The tale is so widespread in the Indonesian archipelago that almost every Indonesian child grows up with some version of it. Bawang Putih (garlic, the kind sister) and Bawang Merah (shallot, the cruel sister) — the names themselves are pun-folkloric, the garlic and shallot being the two foundational alliums of Sundanese cooking. The cruelty of the shallot and the gentleness of the garlic, the story implies, are written into the kitchen itself.
The plot belongs to ATU 480 — the kind and unkind sisters — the same family as the German Frau Holle and the English Diamonds and Toads. What makes the Indonesian version distinctive is the specific magical agent: not a fairy, not a fountain, but a cucumber.
The story, briefly
Bawang Putih lives with her stepmother and stepsister Bawang Merah, who treat her cruelly. One day, while washing clothes in the river, she loses her late mother’s selendang (a long traditional cloth). She follows the river downstream, asking each creature she meets if they have seen it. She is courteous to each — the fish, the buffalo, the old woman at the riverbank — and each helps her in some small way.

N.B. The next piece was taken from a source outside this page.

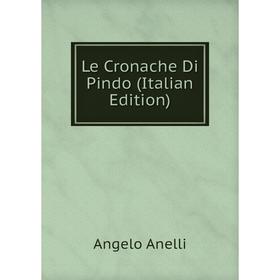 

Книга Le Cronache Di Pindo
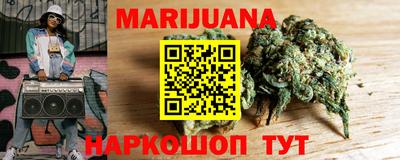 метадон Малоярославец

Eventually she comes to an old woman’s house. The old woman has the selendang. She offers it back to Bawang Putih in exchange for help with three days of chores. Bawang Putih works gently and gratefully. On the third day the old woman gives her, in addition to the selendang, a choice between two cucumbers — a large one and a small one. Bawang Putih, being modest, takes the small one.
At home, when she cuts the small cucumber open, it is full of gold.
Bawang Merah, told about this, runs to the river, loses her own selendang on purpose, follows the same path, is rude to every creature, and demands the largest cucumber from the old woman. When she cuts hers open, it is full of venomous snakes.
What the cucumber is doing
The cucumber is, in folkloric terms, doing the work that a test does. The choice between small and large isn’t really about cucumbers. It’s about whether the heroine has internalized the gentleness her mother taught her enough to pick the small one spontaneously, without being told. Bawang Putih does. Bawang Merah, given the same explicit choice, picks the large because the rules of greed cannot be unlearned.
The Indonesian variant is unusual in giving the heroine an explicit choice (rather than a passive reward). The Western Cinderella receives the prince essentially as a recognition of inherent virtue. Bawang Putih chooses correctly because she is who she is. The agency is the moral.
For families
Strong tale for ages 5–8. Short enough for a single sitting (8–10 minutes read aloud), with a clear and satisfying resolution. The image of the cucumber-as-test is one of the most strangely memorable in international children’s literature — many adults who heard this tale at four are still able to tell it at forty.
Caveat: the snake-filled cucumber ending is graphic in some traditional retellings (Bawang Merah is killed by the snakes). The modern Indonesian children’s book versions soften this to “she runs away and is never seen again,” which works fine for younger children.